Offering the online courses has allowed JROTC leadership and cadre to maintain the education and mentorship of their students.

“The Army JROTC Education team has been looking at ways we can help the instructor and cadets during this time of crisis,” Cross said, “Our entire team are educators and tend to think along those lines of ‘if I was teaching these cadets, what would I need to be successful and continue to help motivate young people to be better citizens either in person or online?’ This is our philosophy.’

While the events around the current learning environment were unexpected, Burgess said it did provided a challenge for the CFD-IC instructor team meet and succeed in by making an incredibly rapid transition of the course to online instruction.

“The COVID-19 travel and group restrictions forced Cadet Command to quickly develop a distance learning version of CFD-IC,” he said. “We had already started looking hard at converting significant portions of the our staff functional courses; Human Resource Assistant, Recruiting Operations Officer, Logistics, and University Senior Leader courses to distance learning, but the current environment has greatly focused attention and effort on distance learning in a way that we never would have normally had.”

Burgess said that with these current changes in the Cadet Command education environment, this could also lead to beneficial, alternative teaching methods in the future.

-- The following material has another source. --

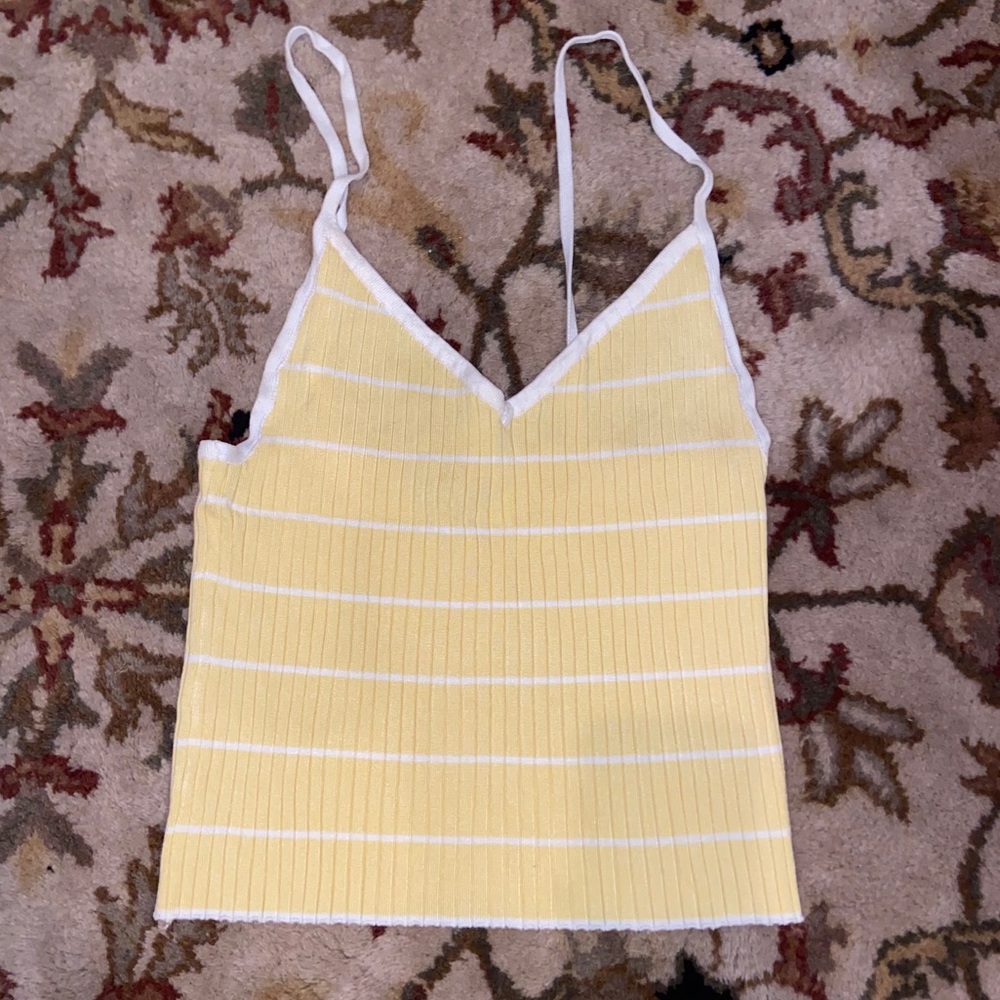 Kendall + Kylie Yellow Striped Knit Tank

“I’d say that it will be hard ‘to put genie back in the bottle.’ I expect distance learning to have more prominence in all educational institutions, even when life returns to normal,” Burgess said, “This period is making educators at every level rethink what is best taught online and what is best left for resident classes. In the past, the answer was mostly 100% one way or the other. The future will certainly be more of a mix of the two.”

Burgess added, given the great size and geographic dispersion of Cadet Command, investment in expanding in distance learning is a must.

“Resident instruction is often the best option, but then we have course wait times and limited options for reach-back instruction. In some cases, Cadet Command instructors have to wait as long as four months for a resident course seat,” he said, “Distance Learning allows Cadet Command cadre and staff an option for immediate initial instruction that perhaps could be followed by later, shorter resident courses where the focus could be more on advanced topics, discussions, and practical exercises and less on basic information/knowledge pushing that may be as effectively done via distance learning. Distance learning also allows immediate access to the cadre or staff to later go back to the course modules for retraining.”

“In the future, I would expect to see Cadet Command employ a more blended approach to instruction balancing both resident and distance learning online instruction to achieve maximum effectiveness in cadre and staff development,” he added.

Burgess said there are also plans to implement a Distance Learning University Senior Leader Course (DL USL) in the near future.